She did not wander upon mountaintops reserved for saints.
She wandered through the interior ruins of herself — through sleepless rooms lit only by the blue glow of clocks and the quiet congregation of medicine bottles crowding her nightstand like failed prayers. Pills meant to calm the mind. To soften memory. To rearrange her nature into something survivable.
And in those depths, where despair becomes almost geological in its weight, she asked the question that had followed her like blood follows a wound:
Why did all of this happen to me?
Why am I the one left alive to carry stories that did not merely hurt me, but swallowed me whole — stories that blamed me, disfigured me, punished me long after the moment itself had died?
Why am I still here?
And darker still:
Why can’t I kill myself the way others in my family did?
Why can’t I force my hand past the final threshold?
Why can’t I become fearless for even one terrible second?
Part of her hated herself for surviving.
Another part understood survival was never cowardice.
Because beneath the longing for oblivion lived something far more ancient than despair: fear braided together with wonder, terror fused to the stubborn instinct to remain.
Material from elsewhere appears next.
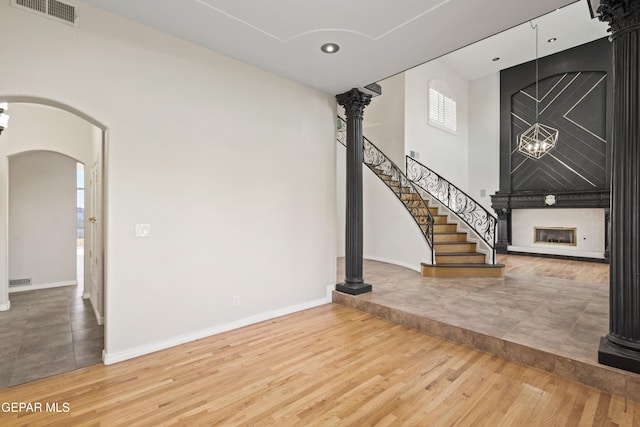 unfurnished living room with hardwood / wood-style floors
She knew she did not possess the brutal surrender required to silence herself forever. She did not have the ability to suspend fear the way they had. And this realization shamed her almost as much as it saved her.
But what she did possess was something heavier.
A resolve so quiet it almost looked like defeat.
A resolve possessed only by those who climb toward the mountaintop not searching for stars, but carrying dead and dying ones inside their chest.
She carried honesty.
Not the pretty kind.
Not the kind people perform.
The honest admission of exhaustion.
Of humiliation.
Of inherited darkness.
Of wanting death without truly wanting to disappear.
And beside her there remained something gentle — a dove-like stillness, soft and almost unbearable in its tenderness — quieting each violent impulse as it rose within her. Not curing her. Not saving her. Only sitting with her in the unbearable silence between thought and action.
The mountain called to her.
So did the abyss.
And yet she remained.
She remained with herself long enough to witness that survival is not always luminous or triumphant. Sometimes it is grotesque. Sometimes survival is merely refusing, over and over again, to abandon your own body to the dark.
She stayed.
And in staying, she became a witness for others still trapped in the same night — teaching them, without sermon or miracle, that a human being can stand at the edge of themselves and still choose not to fall.